From left to right. Andrew Neaves, David Jahn, Fatima El-Bashir. Photo By Jenny Graham.

‘Remembering the Future’ by Peter Lefcourt

August 1, 2022

How is the future created from the past? What is the motivation for people to continue to pursue their aims of happiness when the most critical circumstance of their humanity – the aging of their bodies – moves their perception of the world away from their nascent opportunities they once dreamed possible? So much of the human condition is in experiencing the universal fate of time pouring its granular coarseness upon our memories, toward forming what is quintessentially a continuous remembrance of one’s self. It is this anxiety of forming our best self, our happiest continuum, which is the thematic substance of the play Remembering the Future by Peter Lefcourt and directed at the Odyssey Theatre Ensemble by Terri Hanauer.

 

Tarina Pouncy, Michael Corbett. Photo By Jenny Graham.

 

There is such a striking originality in the position of memory between the same selves on the stage. The director, Ms. Terri Hanauer, does splendidly in composing the distinct crisis in the human condition, and that is overcoming the anxiety of plans not going accordingly when facing the certainty of mortality. So much of the heart of the play involves the juvenile inclination to act toward one’s self-centered judgments on the best possible fate, as two people fondly recollect their past “lives” as doting teenagers after meeting up at a bar decades later now that they are well into middle-age with typical social responsibilities weighing themselves towards “adulthood”. That their teenage memories of themselves begin interacting with their present forms an imaginary continuum to confront, appropriately, the life decisions of themselves into the future, far away from abstract hopes of “being someone”.

 

David Jahn as Bartender. Photo By Jenny Graham.

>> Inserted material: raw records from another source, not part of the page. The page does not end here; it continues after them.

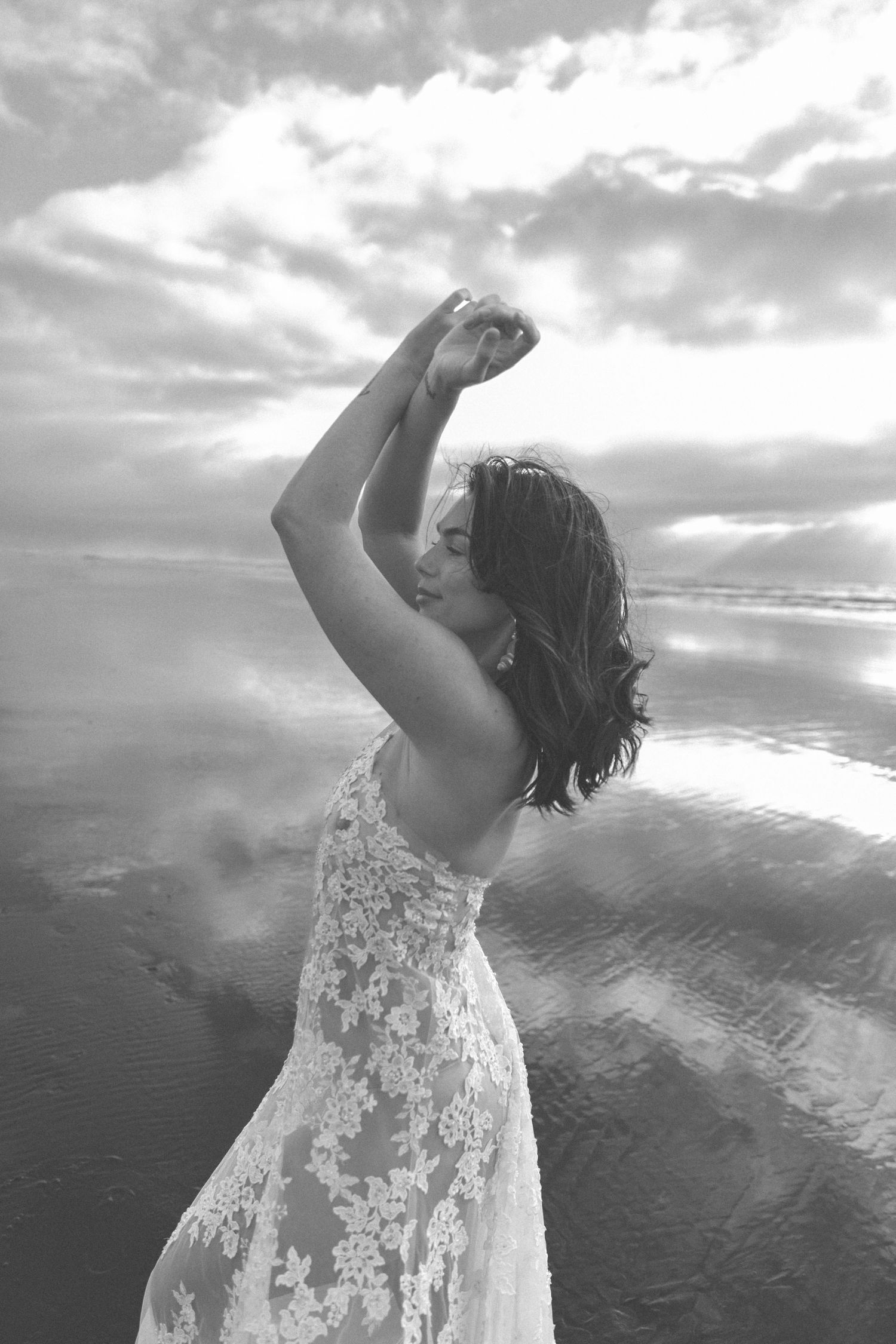 Ethereal black and white portrait of dancer twirling in lace dress by the ocean.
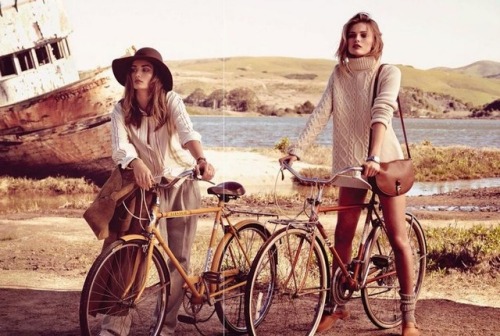 Young fashion models, old scrappy bicycles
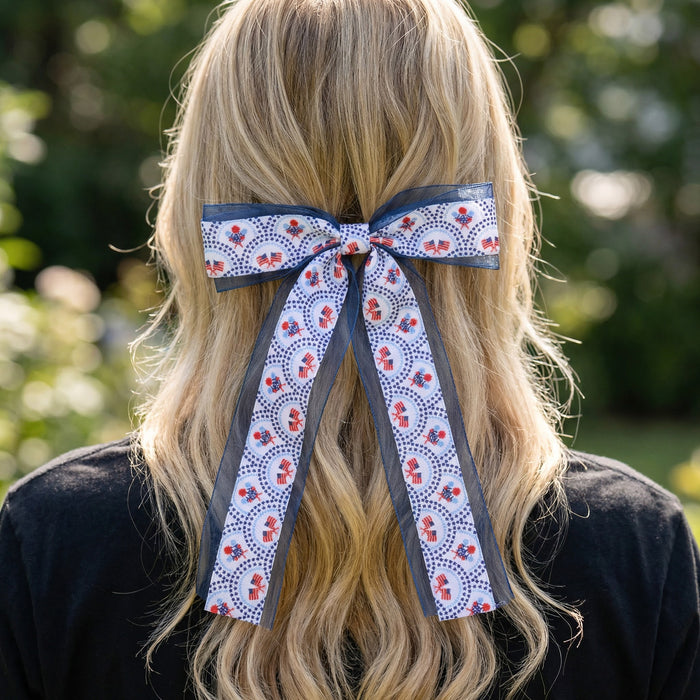 Wearing The Darling Effect's All-American Darling Lovely Layered Hair Bow, a person with long, wavy blonde hair stands outdoors with their back to the camera. The bold blue, white, and red accessory makes an eye-catching statement.
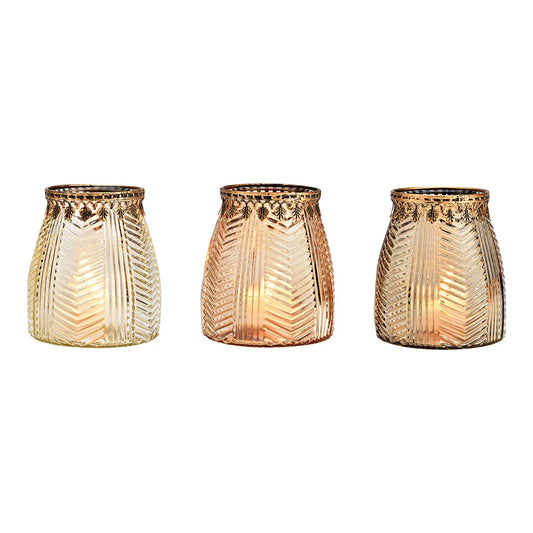 Three cylindrical brown glass windlights with geometric patterns, lit from the inside, showcasing a warm glow.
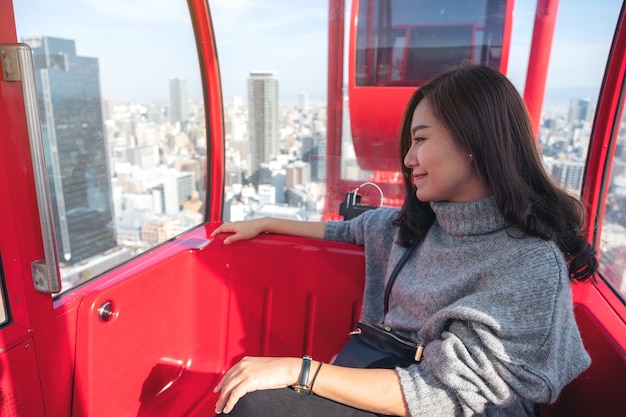 Eine schöne asiatische Frau, die ein rotes Riesenrad in Japan reitet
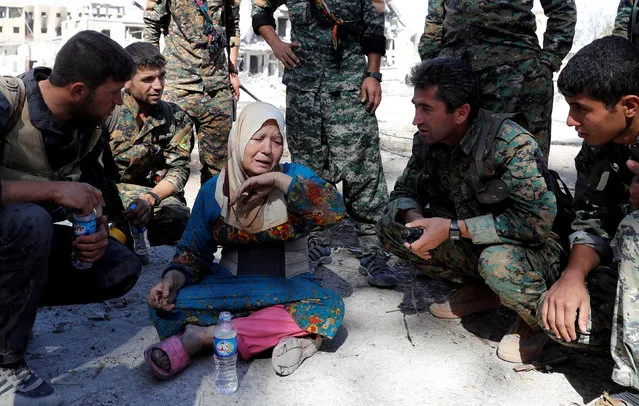 A woman cries after she was rescued by fighters of Syrian Democratic Forces at the stadium after Raqqa was liberated from the Islamic State militants, in Raqqa, Syria October 17, 2017. (Photo by Erik De Castro/Reuters)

Such a coordination of play elements is terrifically accomplished with David Jahn playing the bartender for Greg (Michael Corbett) and Melissa (Terina Pouncy), who is permitted to act as a pseudo-Grecian chorus element in the act to striking efficacy. His thespianism is needed to provide necessary coherence in the audience’s attempts to order the scenes between young and old. His improvisational comedic effects warmly include the audience to provide us with a greater spectacle when examining the drama. That is, our memory of the play contributes to the story!

 

Which then returns us towards the central question of confronting the reality of life-decisions which are made distant from, as Aristotle would say, immortal things. So much of Greg’s confessions, for instance, stem from “mid-life crisis” antics, which involve the anxiety of a termination of the body’s experience. Gratefully, there is no need to involve spiritual meditations, no pathos when presenting the animation of the human character reflecting its actual appearance in the hustle and bustle of a society which generates such appearances of monotony (like work) that it startles their teenage selves into performing a fun intervention.

 

Fatima El-Bashir, Andrew Neaves. Photo By Jenny Graham.

 

The intervention itself between what amounts to a pair of strangers separated by a few decades does not lead to any absurd confusion in how a reconstructed memory physically acts upon the characters. Indeed, it adds mystery; and with mystery we are left in a heightened state of presence, with the concentration of our focus being wordlessly drawn into the multiple choices the act has in ending. This is the condition of human life imaginatively presented: How ought we move ourselves best?

 

A plurality of the audience wishes for the two to revitalize their lives. Others, like myself, know the past is the past. To let bygones be bygones. To appreciate what has been for what it is in making what one will be. To try and muddy the water into becoming this best possibility is a fool’s errand.

 

So much of what is undiscovered in the intervention, yet must be made knowable, is in the benefit of isolation from most of humanity that does not have a surefire compass to navigate the cosmic seas of the mind. For indeed, when we contemplate the idea of memory, we are referring to moments of the mind’s experience of the body in time. How to experience it best? How to form the body’s motion towards an accurate experience of creation?

 

To strive for immortality may feel prima facie grandiose, and with that attribute is arrogance. That is, a sense of righteous superiority over other lives who are not able to strive for similar ends. But when so many millions of humans on planet Earth have the rational faculties of creating timeless beauty, what excuse do they have for choosing the tried-and-true approach of safety? Safety in not sticking out like a sore thumb at a wedding, for instance?

 

Because choosing safety is counter-opposite to danger, which courage as a virtue requires in its demonstration, and which man is honored to even contemplate in choosing. That most people choose safety and comfort over danger, is inexplicable to the mind of an 18-year-old with the well of worldly possibilities still unsprang. And it is here where the play strikes clearly in giving us a wonderful idea of subjective perspective as the human body motions itself through the passages of time, toward the incomprehensibility in not electing to, as Charles Bukowski says, “go all the way”. It is a decision, a choice, an election, in suffering to try for what is best, which needs courageous originality in composing a sweetness to the human soul for others to savor and remember forever.